**Task goal:**
Exact copy, no pictures: return all the data below as written.

**Record extracts:**

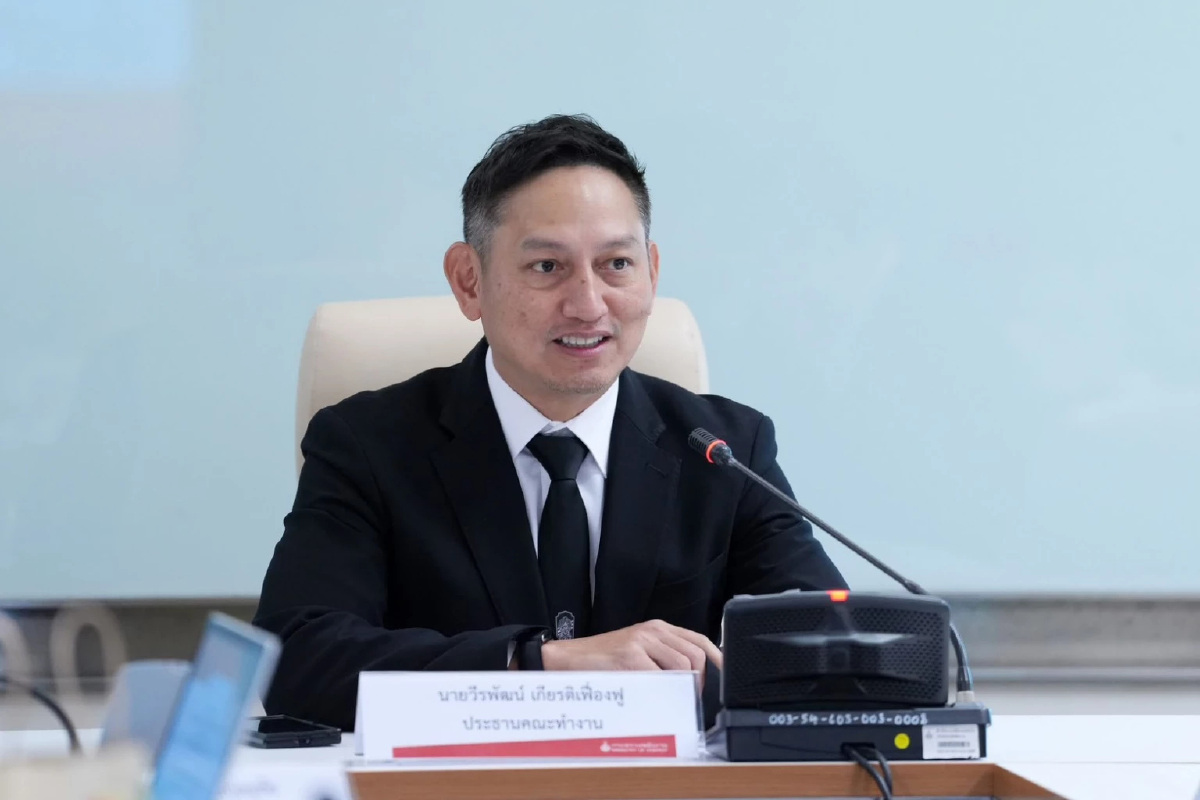 'พลังงาน' ขออย่ากักตุนน้ำมัน ยันมีเพียงพอ เตรียมใช้กลไกกองทุนฯ ตรึงราคา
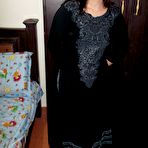 First pic of Hot Indian model in tight jeans posing seductively in sexy lace bra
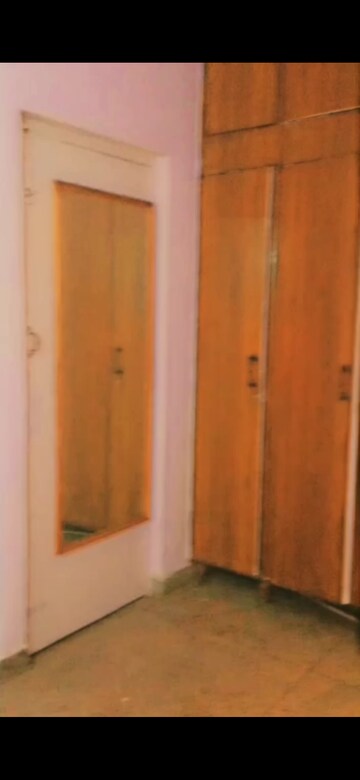 Furnished Amenities in 2.5 BHK Builder Floor at RWA Apartments Sector 26, Sector 26 – for Rent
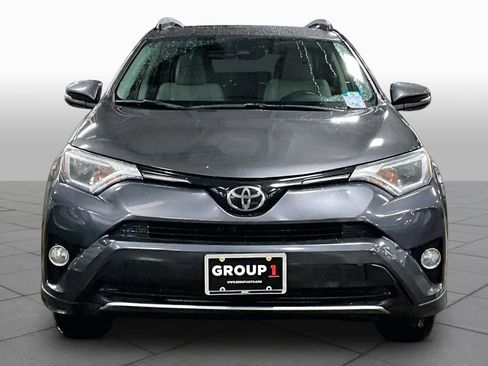 Used 2017 Toyota RAV4 XLE AWD/4WD image 4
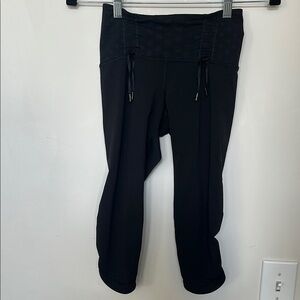 Lululemon Women's Capri Leggings Pants Size 4 Black Faded Polka Dot 14.5” Inseam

**Response:**
 'พลังงาน' ขออย่ากักตุนน้ำมัน ยันมีเพียงพอ เตรียมใช้กลไกกองทุนฯ ตรึงราคา
 First pic of Hot Indian model in tight jeans posing seductively in sexy lace bra
 Furnished Amenities in 2.5 BHK Builder Floor at RWA Apartments Sector 26, Sector 26 – for Rent
 Used 2017 Toyota RAV4 XLE AWD/4WD image 4
 Lululemon Women's Capri Leggings Pants Size 4 Black Faded Polka Dot 14.5” Inseam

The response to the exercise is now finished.